Letting $n \to \infty$ in:

$\displaystyle y_n \left({x}\right) = b + \int_a^x f \left({t, y_{n-1} \left({t}\right)}\right) \, \mathrm d t$

we get:

$\displaystyle y \left({x}\right) = b + \int_a^x f \left({t, y \left({t}\right)}\right) \, \mathrm d t$

The integrand $f \left({t, y \left({t}\right)}\right)$ is a continuous function of $t$.

Therefore the integral has the derivative $f \left({x, y}\right)$.

Also, we have that $y \left({a}\right) = b$.
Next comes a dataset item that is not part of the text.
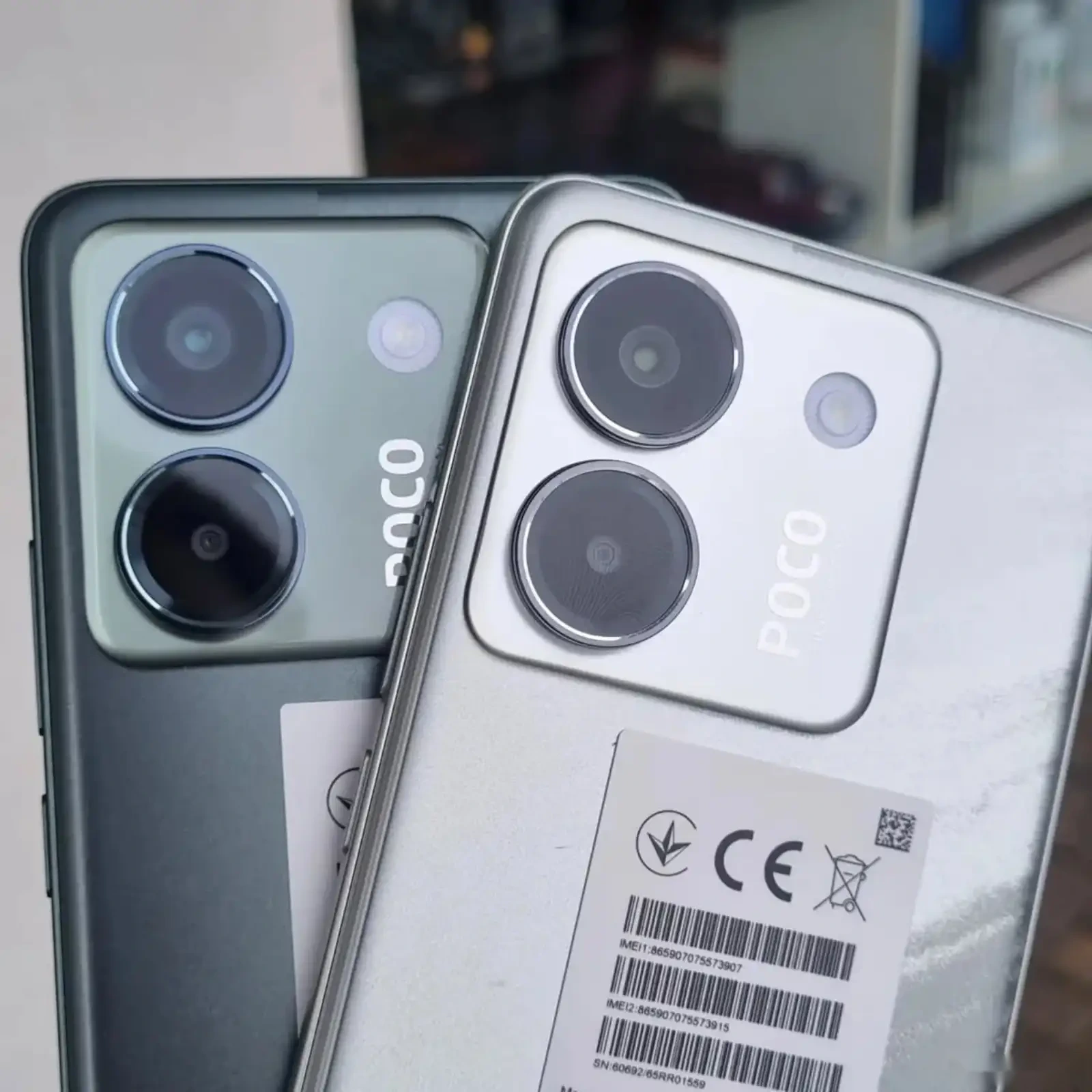 Xiaomi Poco M7 Pro 5G 12/512Gb Global Version — фото 5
### Uniqueness of Solution

We now show that the solution $y = y \left({x}\right)$ that we have found is the only solution where $y \left({a}\right) = b$.
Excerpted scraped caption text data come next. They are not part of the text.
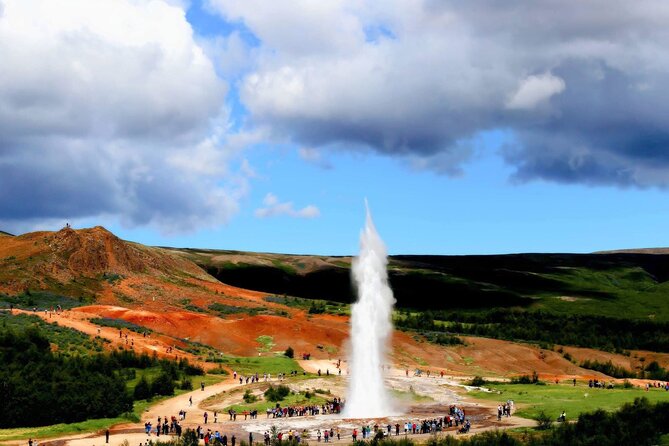Golden Circle - Geysir (Haukadalur): steam, timing, and the biggest smiles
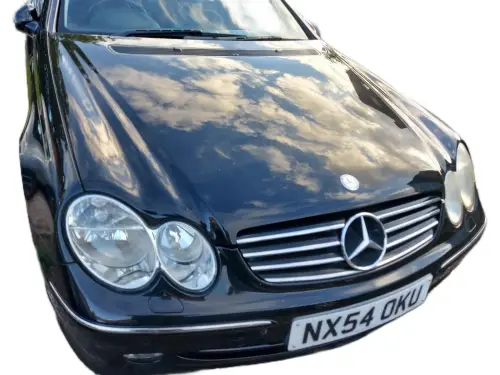 Mercedes-Benz CLK NX54 OKU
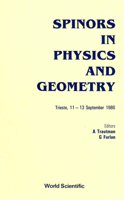 Spinors in Physics and Geometry: Trieste, 11-13 September 1986 9971507633 Book Cover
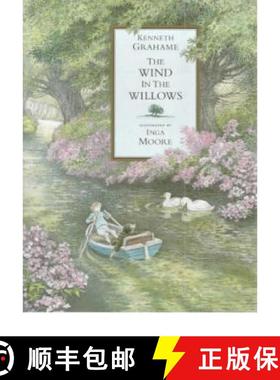 【3-4周达】The Wind in the Willows: A stunningly illustrated full-colour edition of the charming, bel... [9780744575538]
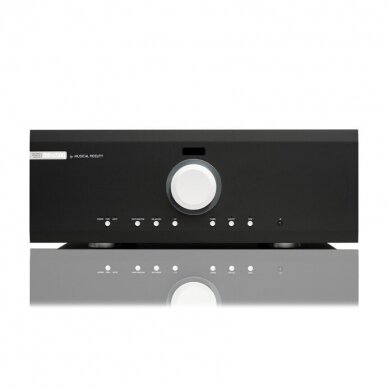 Integruotas stiprintuvas MUSICAL FIDELITY M6SI 500 Integruotas stiprintuvas MUSICAL FIDELITY M6SI 500
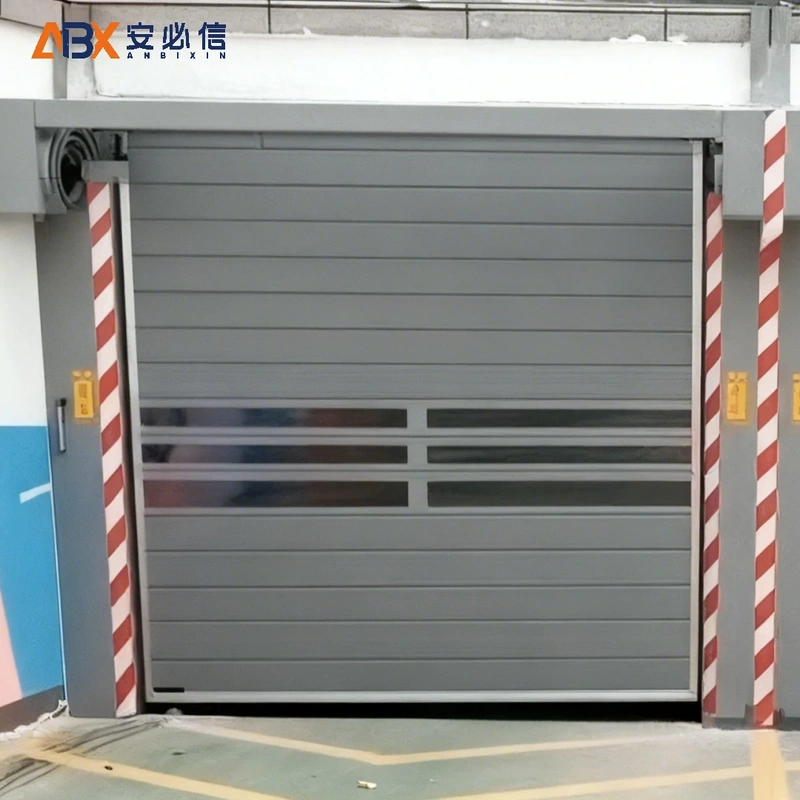 乌鲁木齐感应高速门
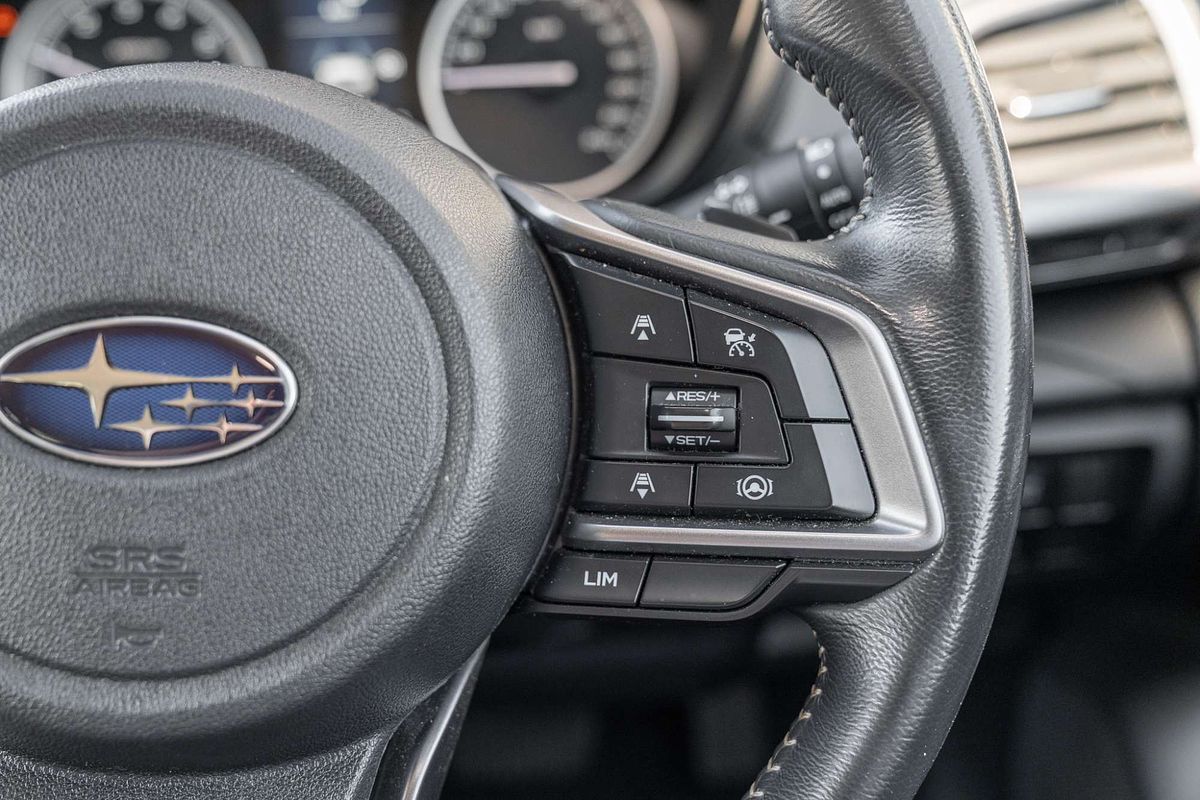 2023 Subaru Forester 2.5i 50 Years Edition S5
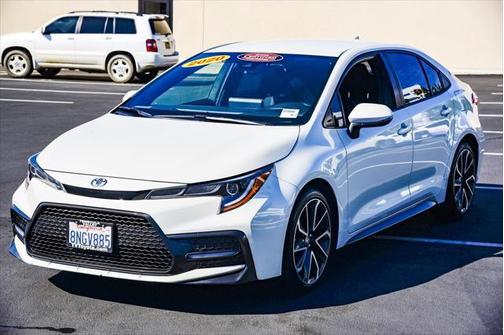 2020 Toyota Corolla SE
Suppose there is another such solution, $y = Y \left({x}\right)$, say.

Let $\left|{Y \left({x}\right) - y \left({x}\right)}\right| \le B$ when $\left|{x - a}\right| \le h$. (Certainly we could take $B = 2k$.)

Then:

$\displaystyle Y \left({x}\right) - y \left({x}\right) = \int_a^x \left({f \left({t, Y \left({t}\right)}\right) - f \left({t, y \left({t}\right)}\right)}\right) \, \mathrm d t$

But:

$\left|{f \left({t, Y \left({t}\right)}\right) - f \left({t, y \left({t}\right)}\right)}\right| \le A \left|{Y \left({t}\right) - y \left({t}\right)}\right| \le AB$

So:

$\left|{Y \left({t}\right) - y \left({t}\right)}\right| \le AB \left|{x - a}\right|$

Repeating the argument, we can get successive estimates for the upper bound of $\left|{Y \left({x}\right) - y \left({x}\right)}\right|$ in $\left({a - h \,.\,.\, a + h}\right)$.

This gives:

$\displaystyle \frac {A^2 B}{2!} \left|{x - a}\right|^2, \ldots, \frac {A^n B}{n!} \left|{x - a}\right|^n, \ldots$

But this sequence tends to $0$.

So $Y \left({x}\right) = y \left({x}\right)$ in $\left({a - h \,.\,.\, a + h}\right)$.

$\blacksquare$

## Source of Name

This entry was named for Charles Émile Picard.

It is also known as the Picard-Lindelöf Theorem or the Cauchy-Lipschitz Theorem, after Ernst Leonard Lindelöf, Augustin Louis Cauchy and Rudolf Lipschitz.

Some sources give this as Picard's Theorem but there are other theorems with this appellation so it is better to disambiguate.